By the end of the first day, one student speaks for all of us when she says, “I feel so stressed out by the initial scene, I’m afraid I’ll fuck it up.”
Gardner acknowledges that it’s easy to allow the urgency of the moment to make you move too fast and get it wrong. “You must force yourself to be calm, force yourself to slow down, force yourself to think clearly and logically,” he says.
In other words, don’t panic. But the only way not to panic is to practice not panicking. Which is precisely what we do during the remaining nine days, hour after hour, day after day. Gradually, we all become more relaxed, more competent, and more confident. Like emergency professionals, we stop hurrying. We take time to perform a thorough assessment of the person, the injury, and the environment.
MIDWAY THROUGH the course we have a day off. Some students go skiing, but a group of us get together to review, practice scenarios, and quiz each other. I’ve been studying every night after class, but I’m still anxious.
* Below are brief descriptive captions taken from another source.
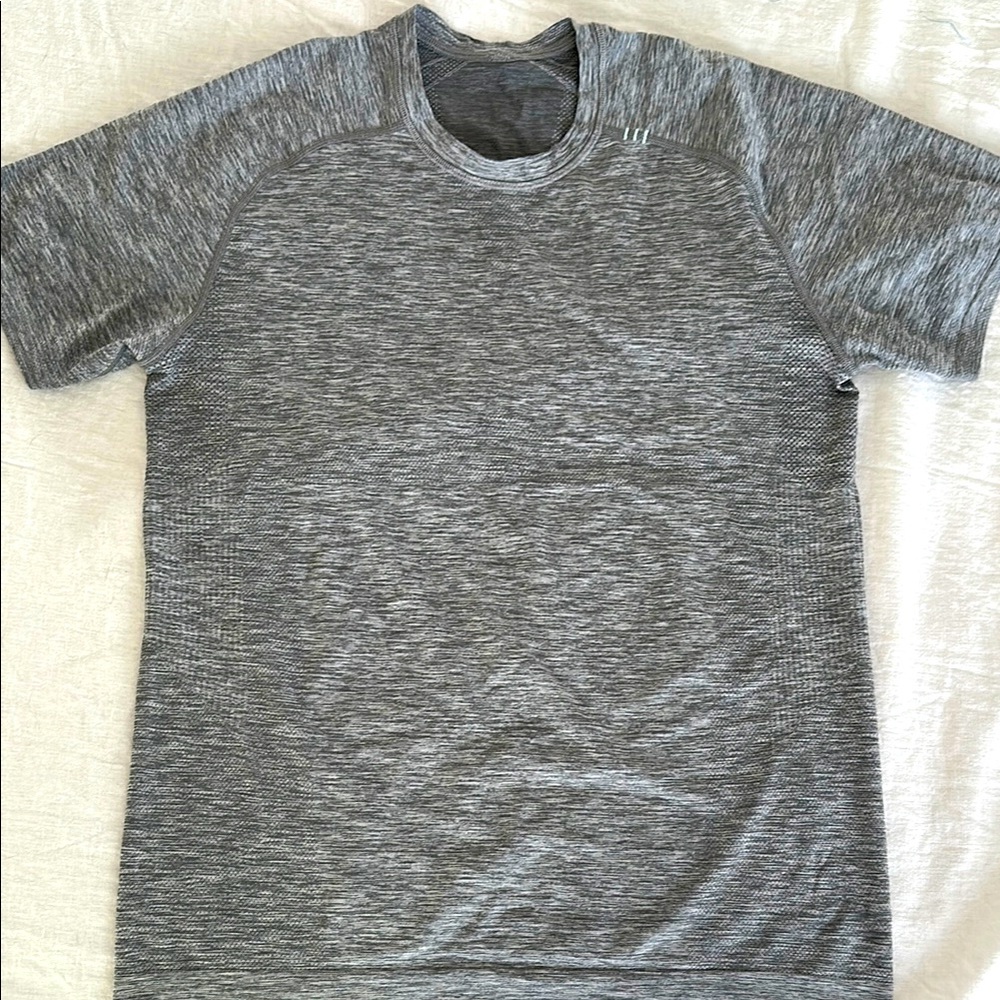 Bundle of TWO men’s Lululemon Metal Vent Tech Tshirt - M
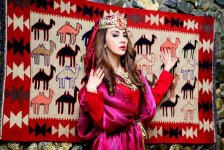 Азербайджанская актриса красочно воплотила Новруз и 8 марта (ФОТО)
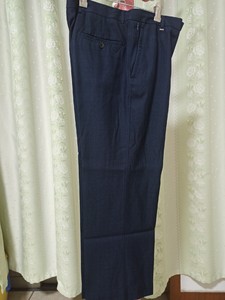 曼洒特男式灰色格秋冬西裤，腰围84厘米，臀围109厘米，裤长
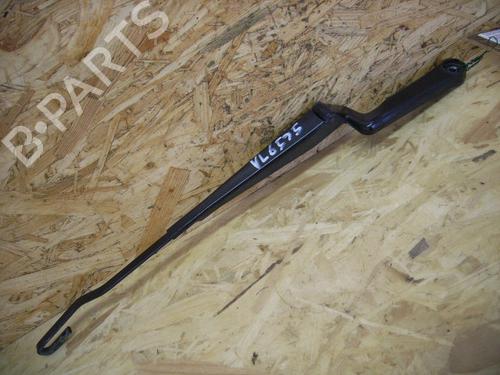 Used Front windshield wiper arm VW POLO III (6N1) 50 1.0 (50 hp) 14693535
We fire questions back and forth for hours:
Q: What are the earliest signs of high-altitude pulmonary edema?
A: Excessive fatigue, dry cough, shortness of breath.
Q: In CPR, what is the ratio of compressions to breaths?
A: Thirty compressions (at a rate of 100 per minute), then two breaths.
Q: What do the acronyms SOAP and LOR stand for?
A: SOAP—subjective, objective, assessment, plan. LOR—level of responsiveness.
Q: What is the treatment for an ice-ax puncture to the chest?
A: Plug the hole, cover with occlusive dressing, evacuate immediately.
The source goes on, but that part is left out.